A lo largo de la historia, las personas han mirado al cielo en busca de señales divinas. Pero pocas veces el firmamento se ha vuelto tan inquietante como en los relatos de la lluvia de sangre en Europa, fenómenos en los que gotas rojas caían del cielo, tiñendo calles, campos y casas con un color que parecía anunciar el fin del mundo.
Crónicas medievales cuentan episodios en los que poblaciones enteras entraban en pánico al ver caer lo que parecía sangre. En el siglo IX, por ejemplo, se registraron en Francia lluvias rojas que los campesinos interpretaron como presagios de guerras y plagas. Más tarde, en Italia, en el siglo XVI, varios pueblos documentaron lluvias de un tono rojizo que fueron descritas en cartas y en archivos eclesiásticos. Para una sociedad profundamente religiosa, no había duda: el cielo estaba enviando un mensaje.
Con el paso del tiempo y el avance de la ciencia, se descubrió que esas lluvias extrañas no eran sangre, sino polvo y microorganismos transportados por el viento desde regiones lejanas. El Sahara, en particular, es una fuente constante de tormentas de arena que cruzan el Mediterráneo y tiñen las nubes con un color rojizo. Cuando estas partículas se mezclan con la lluvia, el agua toma un tono rojo intenso que puede parecer sangre. En otros casos, se han encontrado algas microscópicas capaces de dar un tinte similar.

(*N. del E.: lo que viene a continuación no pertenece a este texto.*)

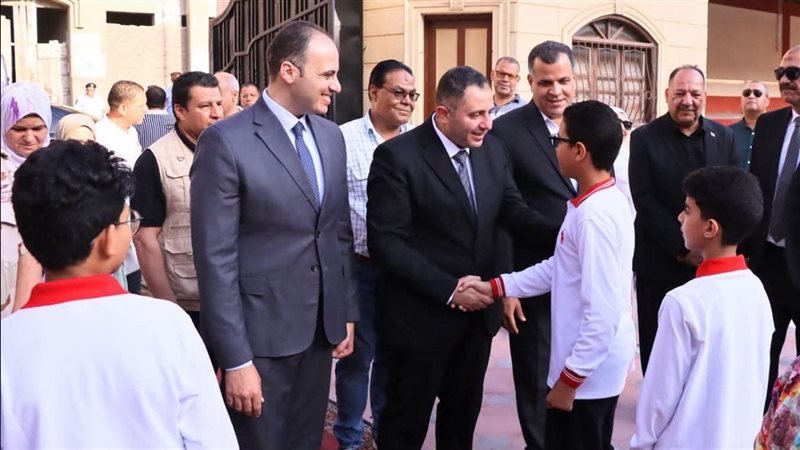 جولة ميدانية لمحافظ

Lo curioso es que este fenómeno no pertenece solo al pasado. En pleno siglo XXI se siguen reportando episodios de lluvias rojas en España, Grecia e incluso en partes del Reino Unido. Cada vez que ocurre, los titulares vuelven a hablar de “lluvia de sangre” y las imágenes del suelo cubierto de barro rojizo circulan por todo el mundo, despertando la misma mezcla de asombro y temor que en la Edad Media.
La lluvia de sangre en Europa es un ejemplo perfecto de cómo lo insólito puede tener una explicación científica sin perder su capacidad de fascinarnos. Lo que antes era un presagio de maldad o castigo divino, hoy es una muestra de cómo la naturaleza conecta continentes enteros a través del viento y el polvo. Y aunque ya no lo veamos como una señal apocalíptica, todavía nos provoca ese estremecimiento primitivo de imaginar que el cielo alguna vez llovió sangre.